Being close to the beach, we headed down, and strolled from the beach to the Grande Marché. Being Saturday, Grande Marché was somewhat panicked, but nothing we couldn’t handle. The clothing was about the same price, the baguette was amazing, and I finally found some cloth for some very important people. Some nice cloth for a shirt for my dad and some pimpin’ Ewe print orange and black (SF Giants colors) cloth for Joe.

Once we got to the end of Grande Marché, Joe and I stopped in the cathedral again, where there were very few people. The cathedral is spectacular, with a ton of colonial influence. We stayed for 15 or 20 minutes, admiring the paintings, stain-glass, and woodwork of the cathedral.

With most of our itinerary done, we caught a couple of motos and made our way to the Marché des Fetisheurs. The Fetish Market is a voodoo market with all sorts of crazy voodoo stuff, including monkey skulls, gorilla skulls, gazelle skulls, and dog heads among other things. We also met the voodoo chief, who performed some sort of benediction. I bought some cool voodoo dolls and, outside of a minor international conflict over the price of another item, it was an amazing experience.

We came back to the hotel, and at the same time, a group of girls from the university pulled up to the hotel. We all stayed at the same hotel the next couple nights.

Hungry from a long day, Joe and I went to this lovely croissanterie, about 20 metres from the hotel. I got this amazing meal of bread, meat, mixed veggies and French fries for 1000 CFA. We followed dinner with some amazing desserts from a neighboring patisserie.
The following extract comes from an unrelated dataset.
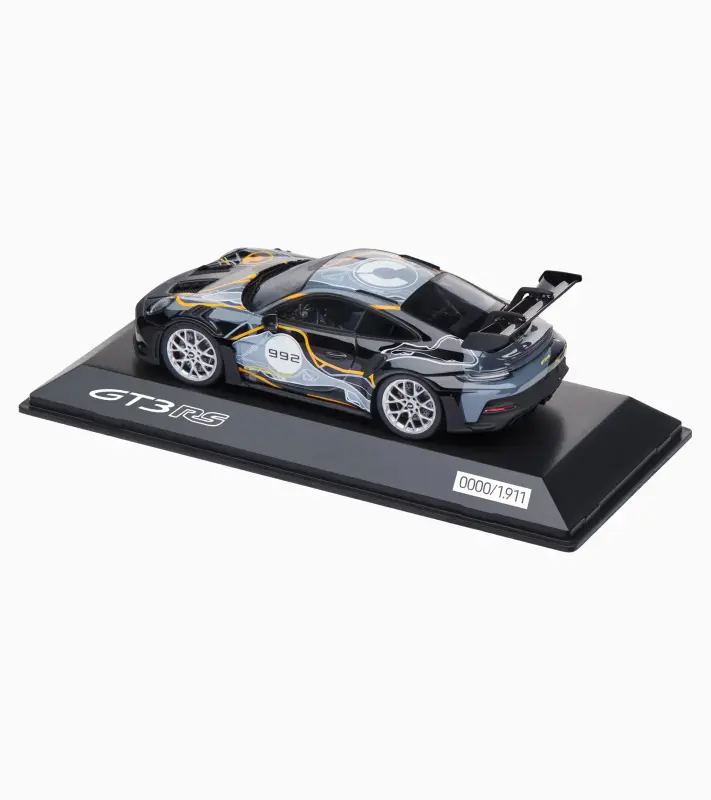 PORSCHE 911 GT3 RS (992) Ltd Edition Model 1:43 startovní číslo 992 šedočerná s oranžovými detaily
A few hours later, a few of us headed down to the Bar Panini for a drink, a reward for getting through a long day.

Sunday 22 October – Beach and Baguettes

The title for the day is fairly representative of my day. Around 10, all of us, except Joe went to the beach. Along the way, we stopped for quite possibly the most amazing food ever – a baguette, stuffed with avocado, onions, lettuce and tomato, with a dash of olive oil. What made it even better was that the whole thing cost 150 CFA – 30 cents! We walked and ate, getting down to the beach by the pier. The pier is no longer used, and after walking on it, it’s pretty clear why it is not used anymore.
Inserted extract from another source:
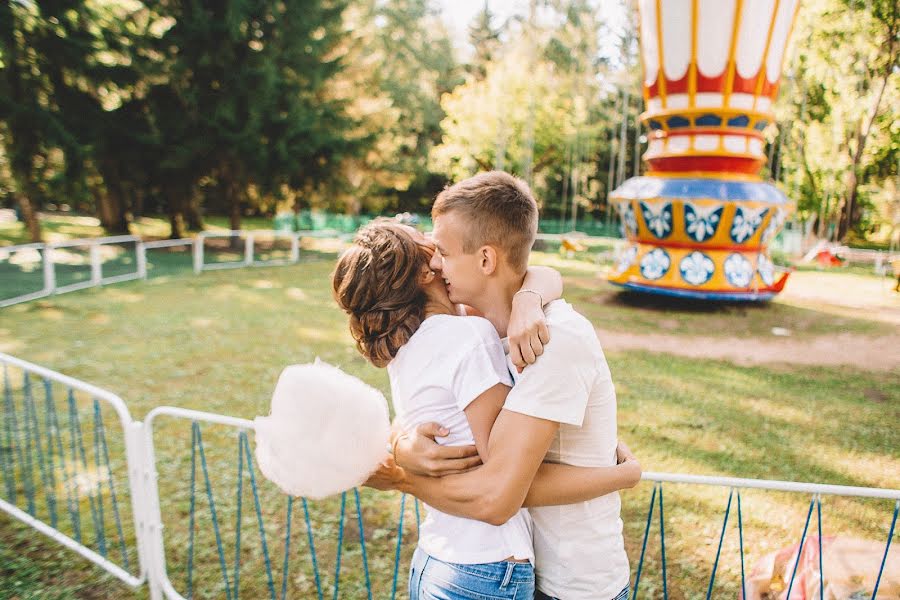 Fotógrafo de casamento Yuliya Galyamina (theglue). Foto de 22 de fevereiro 2019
The beach was beautiful, and desolate for the most part. A rather large group came toward us, clearly drawn by “les blanches” – the whites (it was a nice change from “obruni”). We definitely brought the party to us. The waves were absolutely massive, and the tides were pretty strong, but nothing that couldn’t be handled. The water was like a bath. At one point, I had one of those “in Africa” moments. I realized that I was swimming in the Atlantic Ocean, but in Africa. So strange.

The sun beat me down pretty badly – I forgot how close to the equator we are, and I burnt to a crisp. Exhausted, a crashed pretty early

23 October

Having done everything that I wanted to do, I decided to make my way back home. After an obnoxiously good chocolate croissant and orange juice, Joy and I got on a couple motos, headed to the border, and checked out. Besides the flat tire, our tro-tro ride was easy.

Back in Legon, a lot of people on the floor asked about my trip. I showed them my pictures and my purchases. In the evening, Duncan’s father joined us for some Rich Love. Then we headed to Jazz Tones, a nice little jazz bar, where we indulged on Bailey’s, a screwdriver, and a kamikaze on Mr. Wold’s dime.

In all, it was an incredible and affordable weekend. I definitely plan on returning to Lomé just for a weekend, if nothing else but the baguette and avocado. So good.

For now, though, back to normalcy in Legon. Pictures will be up as soon as possible.

LDG.

2 Comments:

Anonymous Anonymous said...

Sounds like you had a laugh Lee the pics should be good.I hope you got some of the university girls!!!!

4:47 PM  
Anonymous Anonymous said...

Sounds like civilization was fun for the time. Well I hope you have back to where nothing works. JK. So how are the classes you never go to?